Para estudiar al ejemplar, los científicos utilizaron técnicas de microtomografía computarizada (micro-TC). Con estas analizaron órganos internos, glándulas, estructuras reproductivas y partes del aparato bucal.

Gracias a este procedimiento determinaron que la hembra ya había alcanzado la madurez sexual y contenía 13 huevos grandes en desarrollo, algunos de hasta 11 milímetros de longitud. Sin embargo, no presentaba señales evidentes de envejecimiento o deterioro físico. Asimismo, los especialistas detectaron que el animal poseía pocas laminillas branquiales y una rádula inusual, equipada con un gran diente central de base ancha.

“Lo que más me sorprendió fue que la tomografía del pequeño pulpo reveló muchísima información sobre sus sistemas de órganos internos. Normalmente, la obtención de imágenes de partes blandas mediante micro-TC requiere agentes de contraste a base de metales pesados, cuyo uso no sería deseable en un ejemplar tan raro. Esto hizo que el modelado 3D de los órganos relevantes fuera una tarea realmente sencilla”, explicó Alexander Ziegler, investigador de la Universidad de Bonn en Alemania y coautor del estudio.

Los autores concluyen que este descubrimiento demuestra que la familia Megaleledonidae, asociada tradicionalmente con especies grandes de las frías aguas antárticas, también incluye organismos pequeños adaptados a ambientes tropicales profundos. Por ello, proponen modificar la definición científica de toda la familia para enfocarla más en características anatómicas que en criterios geográficos.

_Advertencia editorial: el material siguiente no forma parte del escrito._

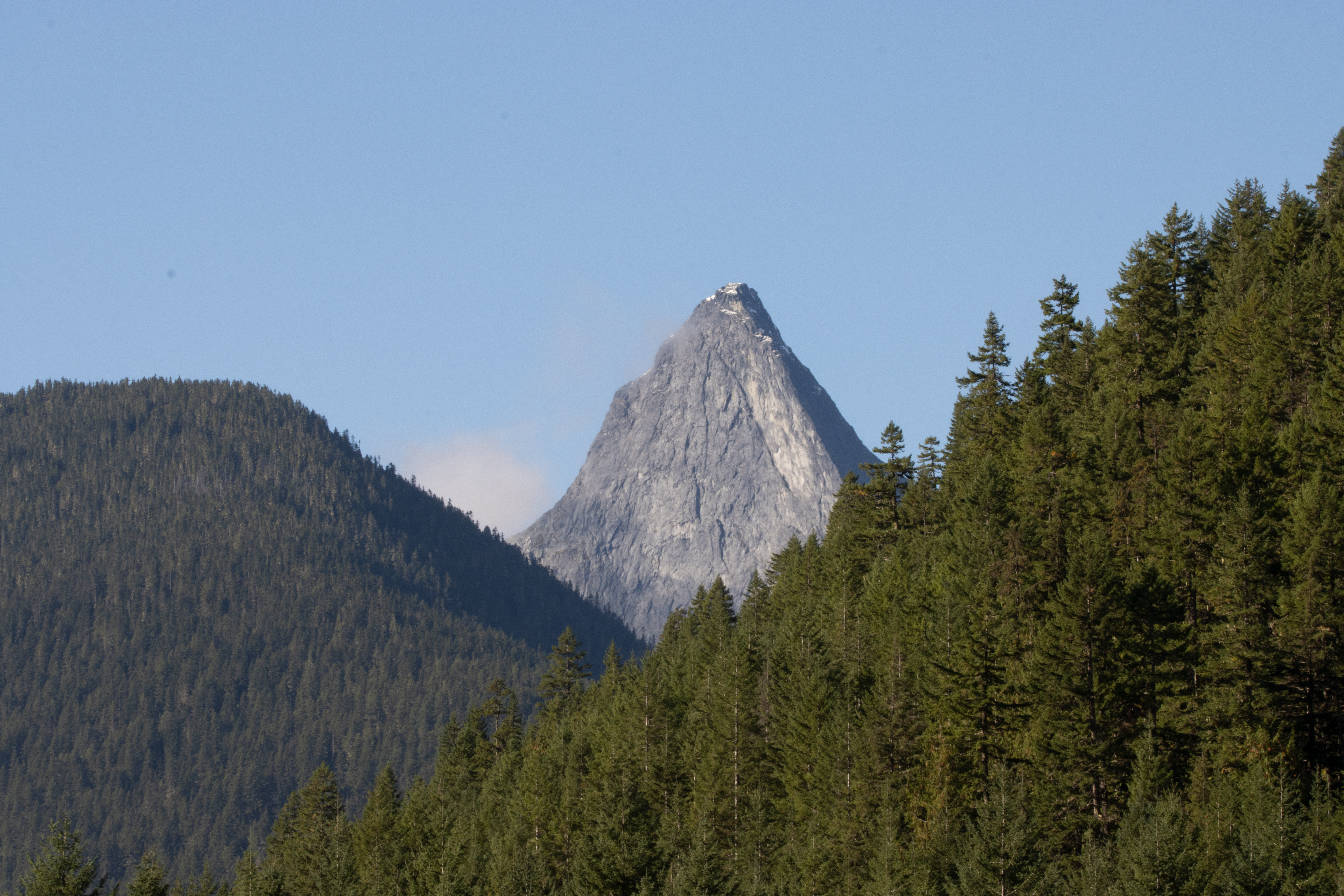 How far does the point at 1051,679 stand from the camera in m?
53.3

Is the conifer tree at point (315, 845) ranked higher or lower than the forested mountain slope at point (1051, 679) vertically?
lower

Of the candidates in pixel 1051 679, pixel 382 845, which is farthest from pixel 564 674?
pixel 1051 679

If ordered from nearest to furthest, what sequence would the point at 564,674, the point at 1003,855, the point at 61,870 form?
the point at 1003,855
the point at 61,870
the point at 564,674

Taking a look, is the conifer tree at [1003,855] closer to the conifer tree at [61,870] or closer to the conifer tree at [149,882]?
the conifer tree at [61,870]

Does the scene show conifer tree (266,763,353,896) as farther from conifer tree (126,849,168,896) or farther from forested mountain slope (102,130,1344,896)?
conifer tree (126,849,168,896)

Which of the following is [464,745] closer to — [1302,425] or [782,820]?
[782,820]

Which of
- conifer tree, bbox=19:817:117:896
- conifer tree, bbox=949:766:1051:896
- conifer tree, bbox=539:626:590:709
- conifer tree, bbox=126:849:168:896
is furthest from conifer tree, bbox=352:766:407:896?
conifer tree, bbox=949:766:1051:896

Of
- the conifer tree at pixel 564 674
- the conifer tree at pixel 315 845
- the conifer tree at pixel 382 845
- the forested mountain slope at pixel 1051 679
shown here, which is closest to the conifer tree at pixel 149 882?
the forested mountain slope at pixel 1051 679

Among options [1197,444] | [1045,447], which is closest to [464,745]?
[1045,447]

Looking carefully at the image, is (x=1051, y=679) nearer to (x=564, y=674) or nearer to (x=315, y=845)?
(x=315, y=845)

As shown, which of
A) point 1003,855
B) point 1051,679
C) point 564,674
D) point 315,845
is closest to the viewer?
point 1003,855

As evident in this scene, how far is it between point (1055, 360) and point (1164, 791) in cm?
4349

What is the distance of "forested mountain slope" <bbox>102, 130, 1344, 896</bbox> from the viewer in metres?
50.4

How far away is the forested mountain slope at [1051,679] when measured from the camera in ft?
165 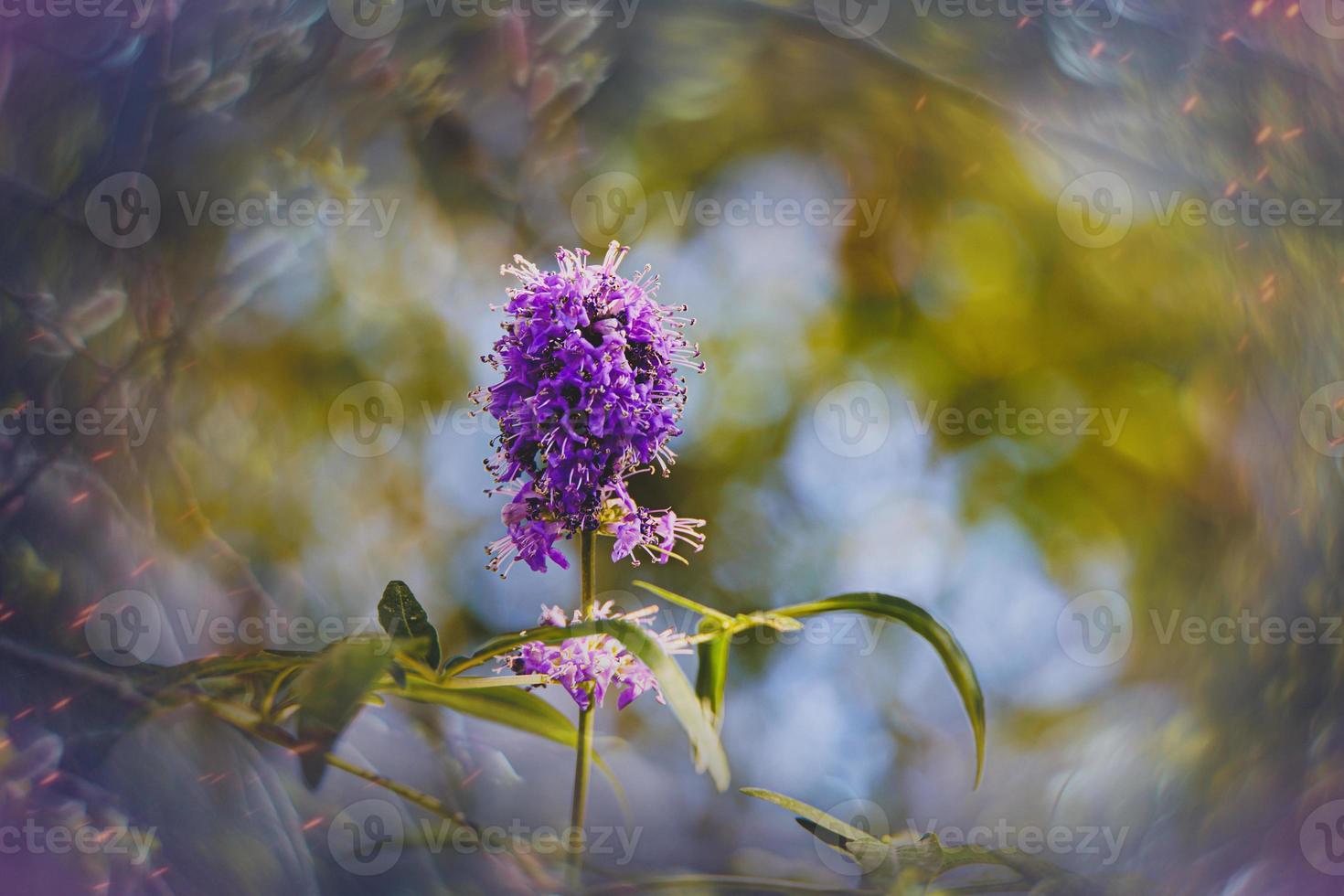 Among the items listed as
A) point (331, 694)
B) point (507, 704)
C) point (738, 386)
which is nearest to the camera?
point (331, 694)

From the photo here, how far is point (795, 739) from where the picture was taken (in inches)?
26.7

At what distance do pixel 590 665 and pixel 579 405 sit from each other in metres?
0.09

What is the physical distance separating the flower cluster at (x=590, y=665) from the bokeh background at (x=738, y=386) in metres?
0.08

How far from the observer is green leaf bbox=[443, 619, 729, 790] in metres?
0.27

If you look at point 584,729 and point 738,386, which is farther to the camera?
point 738,386

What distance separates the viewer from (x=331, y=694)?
266 mm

Además, sostienen que la diversidad de pulpos de aguas profundas probablemente está muy subestimada. Voight señaló que “estos son pequeños pulpos que viven en las profundidades marinas y casi nadie en la Tierra ha tenido la oportunidad de verlos. Si juntaras toda la superficie terrestre, no cubrirías el océano Pacífico. Los océanos son inmensos y aún queda muchísimo por explorar”.